Segment Open
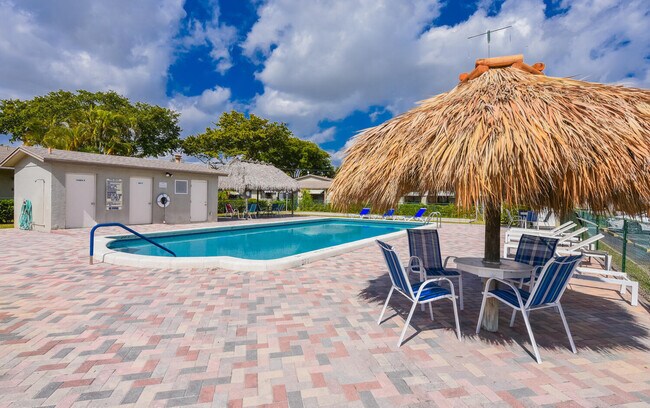 Building Photo - 1651 Palmland Dr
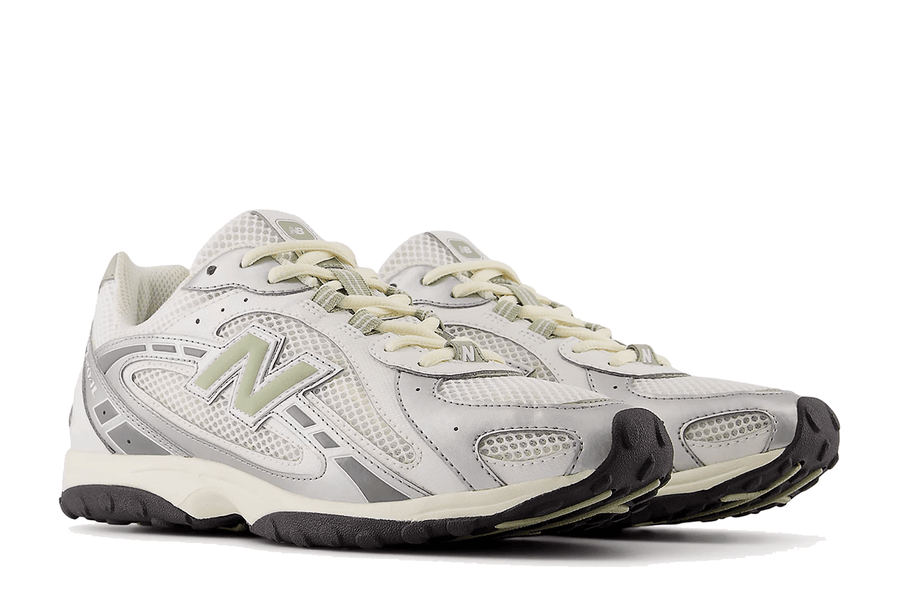 Vista traseira do New Balance New Balance 204L Silver Metallic Sage Green Prateado mostrando calcanheira e detalhes do solado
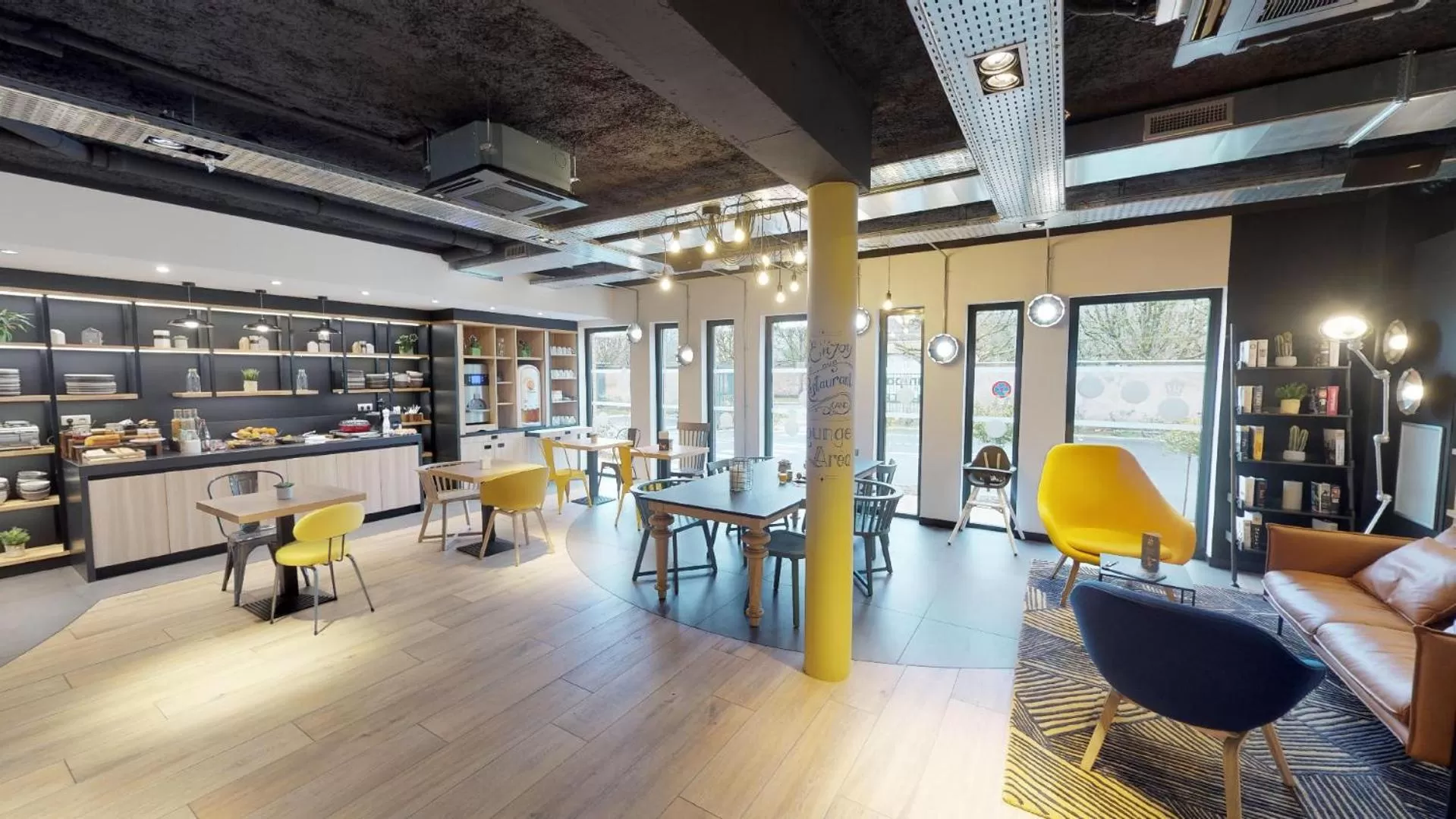 Seating area in Campanile Fontainebleau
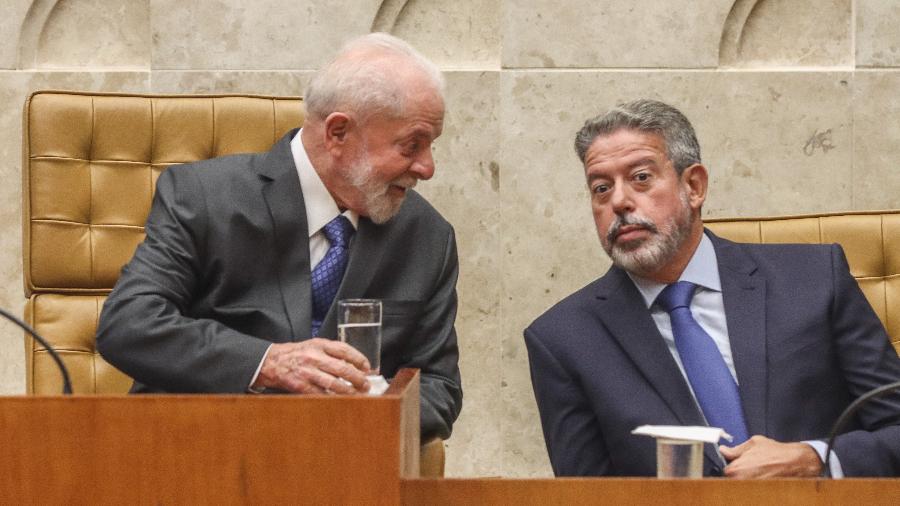 O presidente Lula e o presidente da Câmara, Arthur Lira, em cerimônia no STF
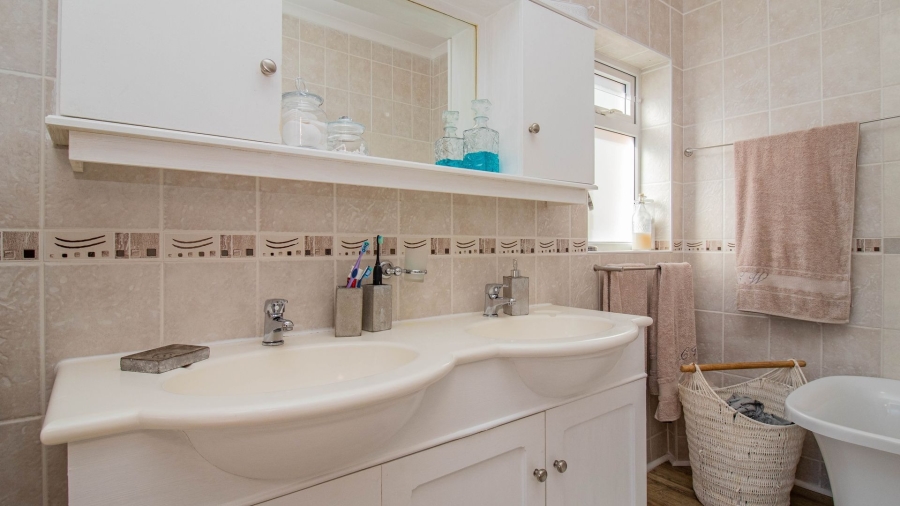 3 Bedroom Property for Sale in Westcliff Western Cape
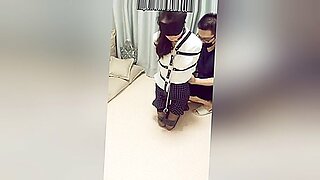 섹시한 아시아 미녀가 BDSM 플레이에서 재갈을 물고 구속됩니다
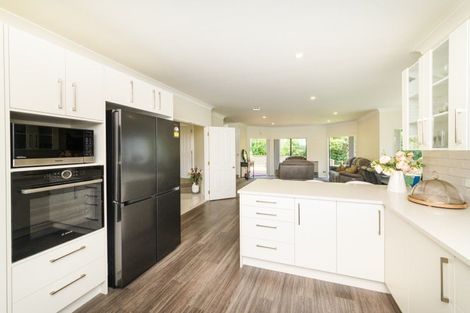 Photo of property in 96 Pacific Drive, Fitzherbert, Palmerston North, 4410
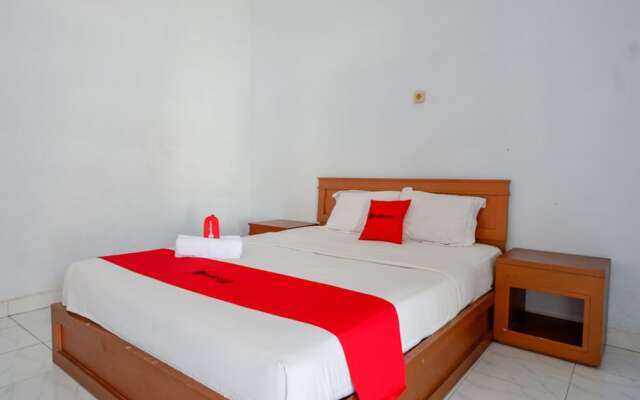 RedDoorz @ Hotel Horas Palopo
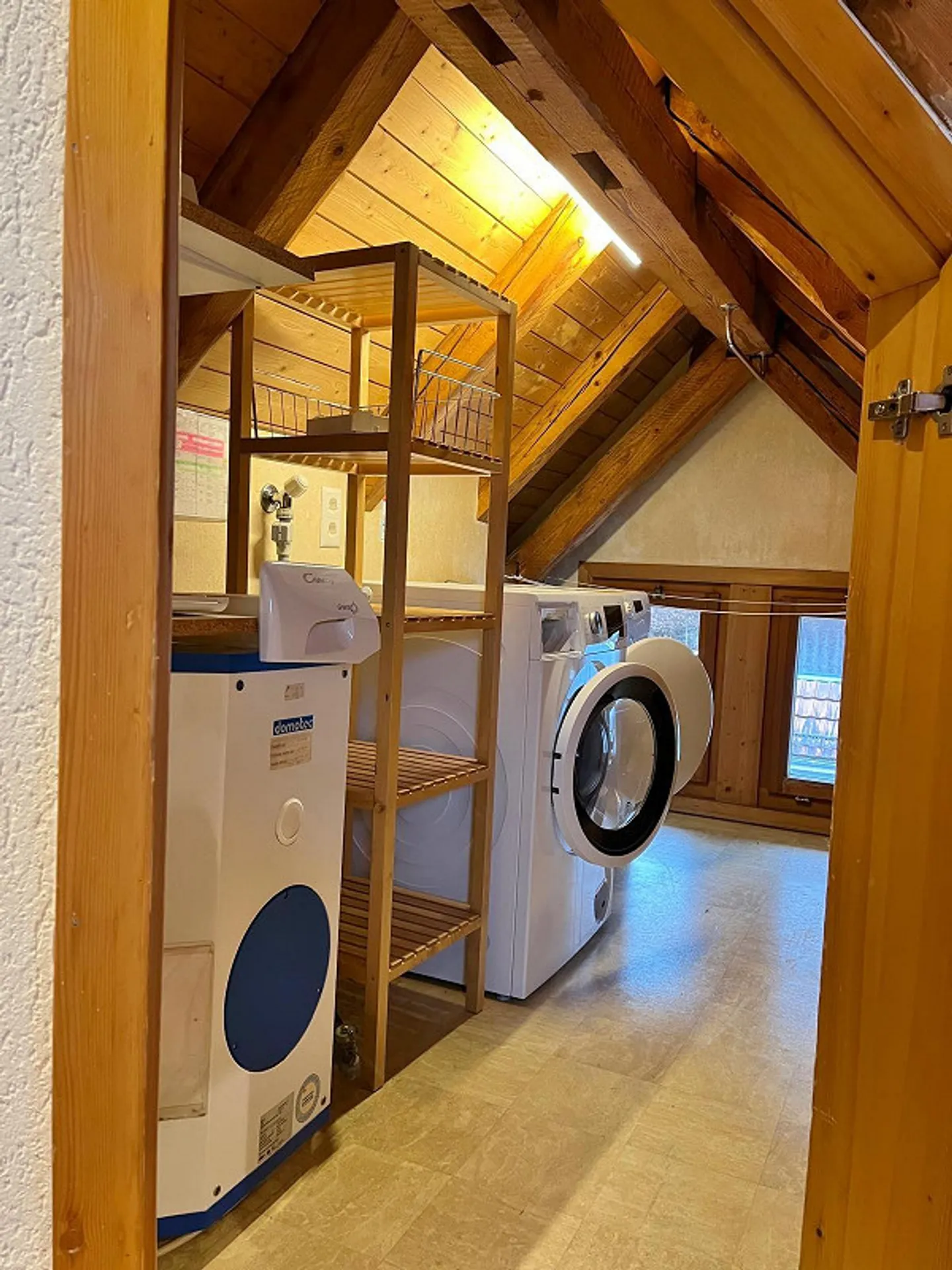 Appartamento mansardato ristrutturato con 2 camere - Foto 9 di 13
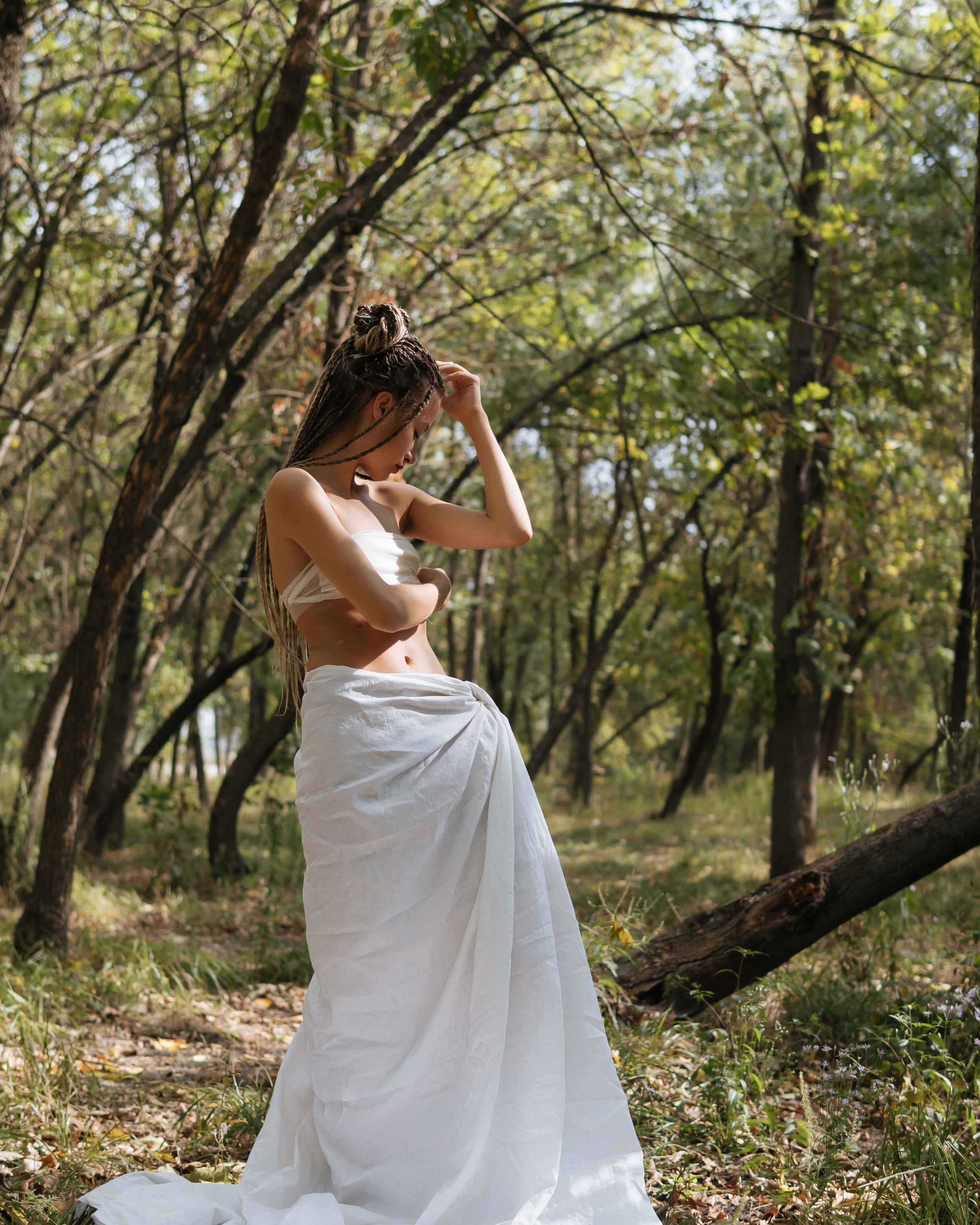 Алина в лесу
Segment Closed
WHAT IS EXPECTED >> Here the lines from the one with "Appartamento mansardato ristrutturato" through the last line of the data above need to be repeated exactly, both included, and any picture omitted.

OUTPUT OF THE TASK >>
 Appartamento mansardato ristrutturato con 2 camere - Foto 9 di 13
 Алина в лесу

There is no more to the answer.